LaVine hasn’t played on teams as talented as Brooklyn is, not even close, and it feels a little unfair to make him the center of our discussion. But you watch him play and something doesn’t feel right. That’s not analytics. That’s not even the eye test. It’s the feel test, and it’s admittedly vague.

And with Lauri Markkanen still in the throes of a two-year floundering, it might seem like we’re taking aim at the wrong person. I’d argue that we’ve simply given up on Markkanen, to the point that while trying to diagnose what’s wrong with the team, he doesn’t even register.

So maybe Karnišovas should have started over and gotten some big-time draft picks or big-time players or both in exchange for LaVine. It would have been asking a lot from a fan base that already has been through a rebuild. But do these pieces fit? And what’s the hope for the future?

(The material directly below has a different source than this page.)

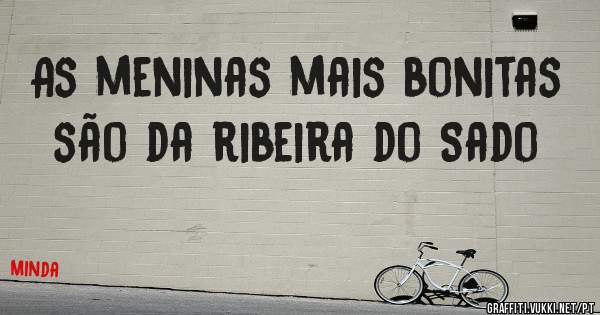 As meninas mais bonitas são da ribeira do Sado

There’s still a lot of time for the latest model of the Bulls to blossom, but remember those heady days – all of three weeks ago – when Karnišovas’ bold moves were going to make the team an instant postseason contender? The Bulls are 11th in the conference playoff picture, three teams behind for the final spot.

Vučević will get his 25 points and 10 rebounds a night, and LaVine will get his 25, 5 and 5. But can they play together? And can everybody else on the roster play with them?

We spent an inordinate amount of time this season fretting over whether LaVine would take his rightful place on the Eastern Conference All-Star team. He eventually did, but the navel-gazing summed up the state of the Bulls. Still does. All eyes are on their star and, meanwhile, try not to pay attention to a team that can lose to any team on any given night.

LaVine scored 50 points in a recent loss, 39 in the first half, a reminder of just how gifted he is. And, yet, we want something else. We want more. More, as in victories. We’re greedy that way.